Дребезжит последний звонок, крошечный чемодан весит тонну, рельсы блестят, как бритва.
Он ее любил, теперь брезгует. «Он знает обо мне все постыдное, всю грязь…»
«Умоляю вас, приходите. Мне так нужно с вами поговорить». Они встречаются. Вместо прежней, скромной, шляпка на ней теперь побольше и понаряднее. Она пополнела, а не похудела: спрятала сердце поглубже. Она из тех женщин, которые от горя полнеют, которые рано или поздно перестают страдать. Она протягивает ему маленькую пухлую ручку, круглую, словно яблочко: «Подурнела, да?» Она поняла, что он хотел сказать. Смотрит прямо перед собой и кажется забытой вещью на банкетке в кафе. Губы дрожат, нос морщится. «Неужели она на что-то надеялась?»
Она берет его за руку. Иллюзии женщины раздражают мужчину. Она покушается на его свободу. Он готов сказать что-то очень жестокое, и все будет кончено, он готов сказать… Но она заговорила первая. У нее все тот же нежный приятный голос, его лучше слушать, прикрыв глаза. С несказанной нежностью она произносит: «Старинный друг…»
Она не борется. Она жертвует прошлым, жертвует счастьем, надеясь сохранить дружбу, надеясь, что он не отнимет руку, хотя чувствует, что ему уже не по себе, надеясь…
Говорит: «Старинный друг». И все-таки плачет.
«Прощай, Манон!» – «Я еще хотела тебе сказать, хотела сказать…» Она идет за ним следом. Она хочет понять, осталась ли хоть малая частичка ее в сердце того, кого она боготворит. «Почему ты так жесток? Почему?» Они идут быстро, идут через «Чрево Парижа». С грузовиков снимают тяжелые ящики с овощами, щекастая капуста при электрическом свете кажется отлитой из свинца. Похоже, что вокруг в страшной спешке воздвигают триумфальные арки, готовят жертвенники. Грузчики вытирают пот, они не хотят, чтобы рассвет застал их насквозь мокрыми, слабыми, постаревшими на сто лет, будто после ночи любви. Она думает: «Разгрузят еще вот этот грузовик, и покажется солнце…» Но как долго приуготовляется торжество встречи, как непросто дождаться солнечных лучей! «Скажи… скажи, это потому, что я солгала? Потому что у меня такое ремесло? Если бы ты знал, как я его стыдилась, когда была с тобой!»

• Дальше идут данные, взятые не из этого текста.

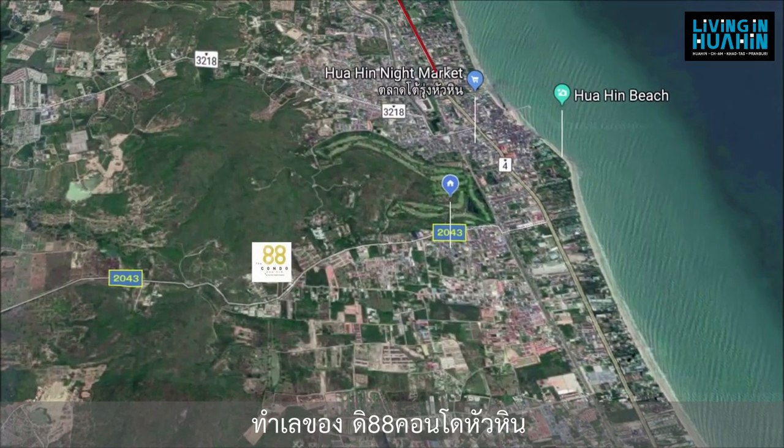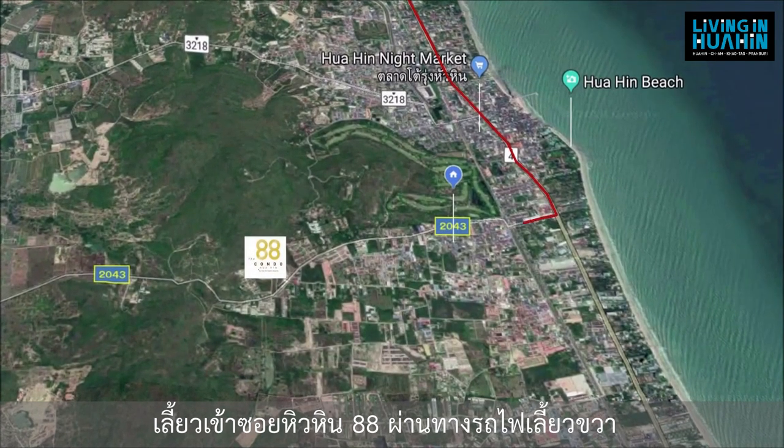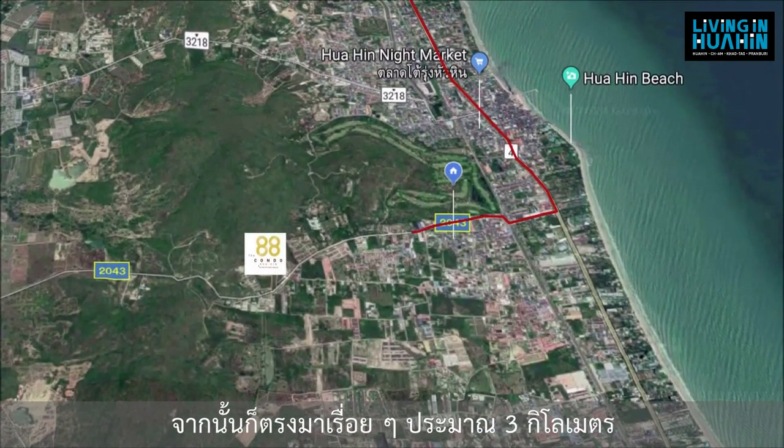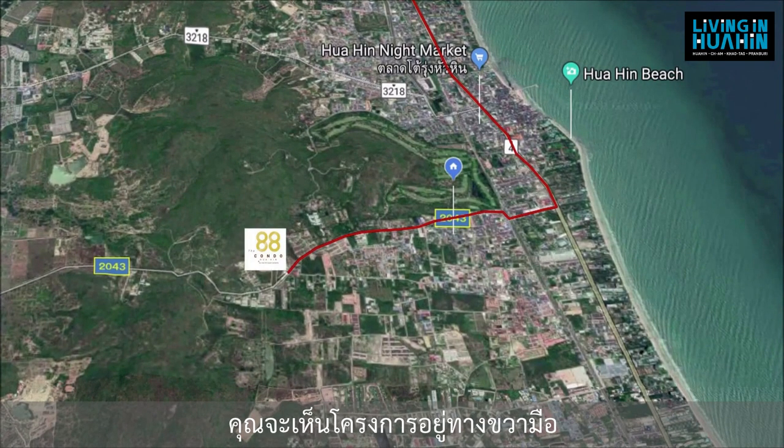The location of the 88 Condo Hua Hin: you will turn to the sign Hua Hin 88 Part roadway and turn right. Keep going straight around 3 km and you will see the project on the right hand side.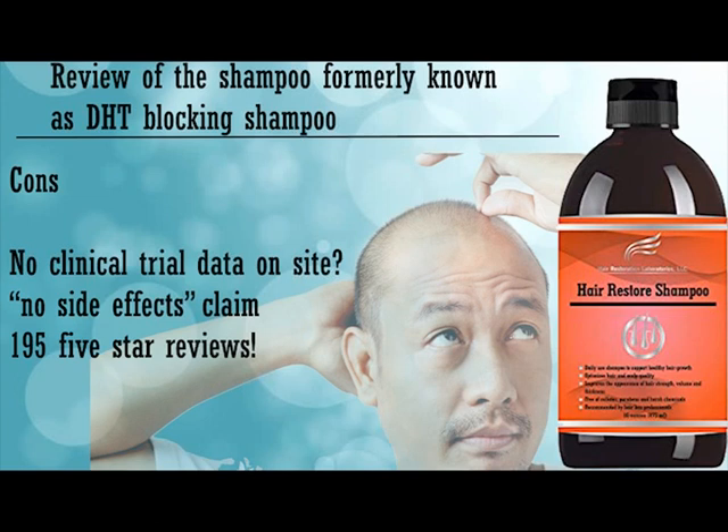I advised them at the time to publish any clinical trials they have. They should make a bigger case of this — really publish whatever trials they have, as it will improve the presentation and authenticity of their product. In a few places they claim no side effects from this shampoo — no product or drug can ever claim to have no side effects, so I would say get rid of that. In terms of the reviews, there were 195 reviews on their website at the time of this video, all five stars. Come on — you can't have every single one out of 195 reviews being five stars. Give us something more realistic, a good mix — it just looks more honest.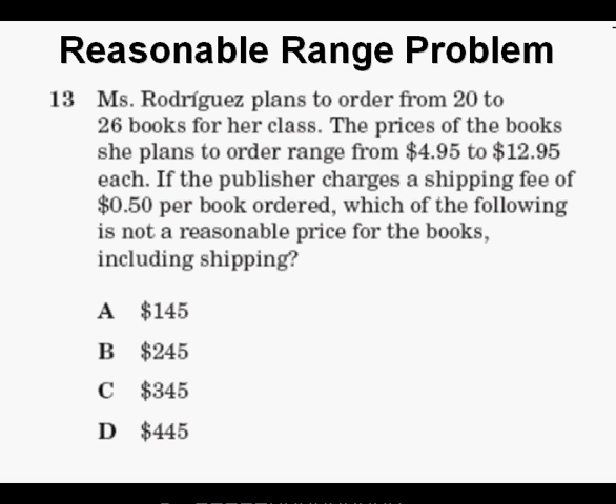First step: reading the problem. Ms. Rodriguez plans to order from 20 to 26 books for her class. The prices of the books she plans to order range from $4.95 to $12.95 each. If the publisher charges a shipping fee of 50 cents per book ordered, which of the following is not a reasonable price for the books, including shipping?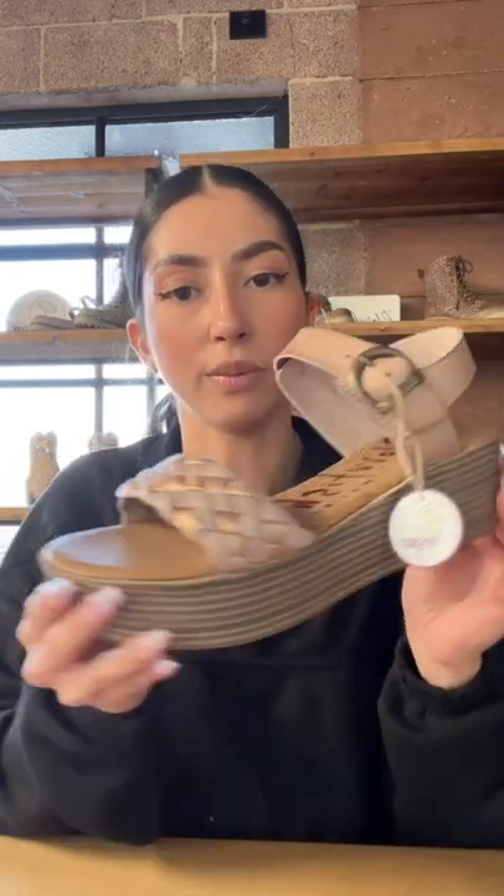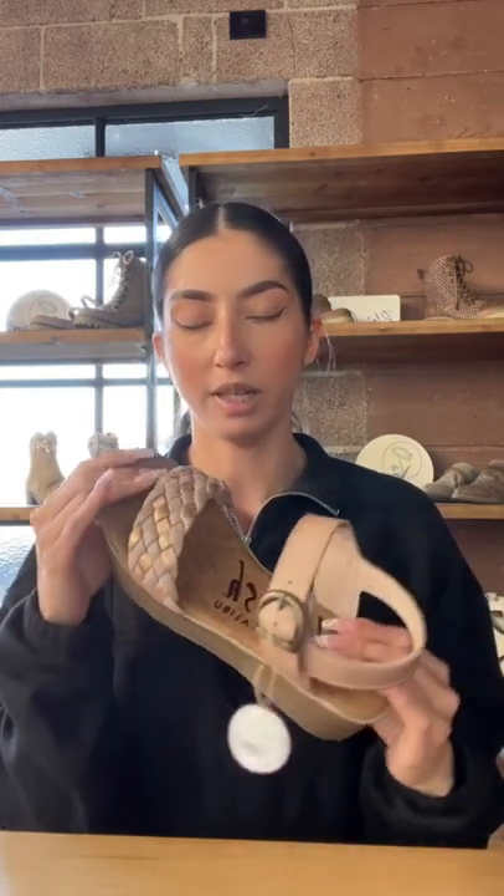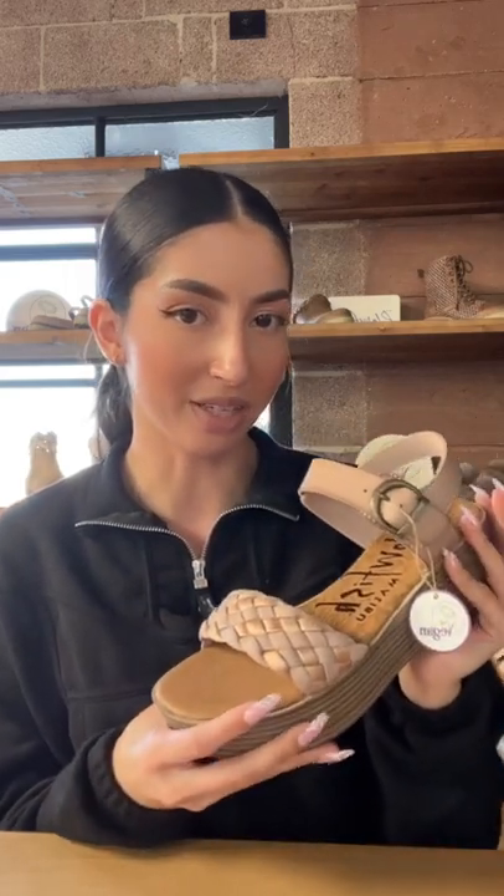It's registered vegan right there, and it has the super on-trend and cute metallic braiding. Not only is this shoe super comfortable because the footbed is very cushioned, but it also is such a great neutral and it goes with so many outfits for the spring and the summer.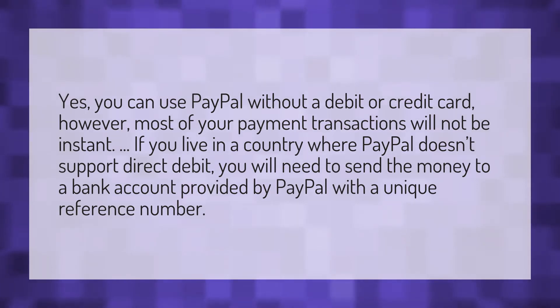Yes, you can use PayPal without a debit or credit card. However, most of your payment transactions will not be instant. If you live in a country where PayPal doesn't support direct debit, you will need to send the money to a bank account provided by PayPal with a unique reference number.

Он стиснул зубы. Ничего не хочет знать. Он богат, она нищая, она хочет его обокрасть. Ему и в голову не приходит, что деньги дают ему возможность любить. Он понятия не имеет, какая невиданная роскошь любовь для жалких девчонок вроде Манон.

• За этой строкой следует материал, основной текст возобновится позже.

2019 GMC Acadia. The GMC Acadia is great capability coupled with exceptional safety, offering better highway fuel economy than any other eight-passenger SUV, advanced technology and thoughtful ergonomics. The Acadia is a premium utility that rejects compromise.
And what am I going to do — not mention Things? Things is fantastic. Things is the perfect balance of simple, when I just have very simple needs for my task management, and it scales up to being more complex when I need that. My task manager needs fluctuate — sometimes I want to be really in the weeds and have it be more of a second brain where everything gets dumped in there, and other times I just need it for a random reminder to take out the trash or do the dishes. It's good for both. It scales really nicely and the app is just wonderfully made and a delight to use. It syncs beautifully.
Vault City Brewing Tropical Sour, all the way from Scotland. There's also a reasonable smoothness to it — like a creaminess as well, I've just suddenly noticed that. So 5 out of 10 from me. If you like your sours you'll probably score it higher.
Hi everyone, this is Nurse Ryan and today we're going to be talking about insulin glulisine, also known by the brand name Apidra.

«Не надо относиться с таким презрением…» Она уцепилась за его руку, но он твердо и жестко отстранил ее. И лицо у него стало таким неприятным…
«Ты, кажется, считаешь меня идиотом, милая?!»
Глаза у Манон раскрылись широко-широко.
Колокольчики молочников оповещают о туманном молоке рассвета, едкая зябкость пронизывает улицы. Прохожие, что попадаются навстречу, грубые здоровяки, первыми отхлебнули свежесть нового дня, но она вместе с грузчиками начинает утро с непосильной тяжести.
«Манон! Куда ты, Манон?!»
Визг тормозов. Она вскрикнула.
Она заметила только темную массу, что надвинулась на нее, а теперь ей так холодно. Голоса звучат глухо, долетают только отдельные слова, будто задремала в поезде: «Отойдите… Поймайте такси…» – «Он мне сказал… сказал… Он такой же, как все…»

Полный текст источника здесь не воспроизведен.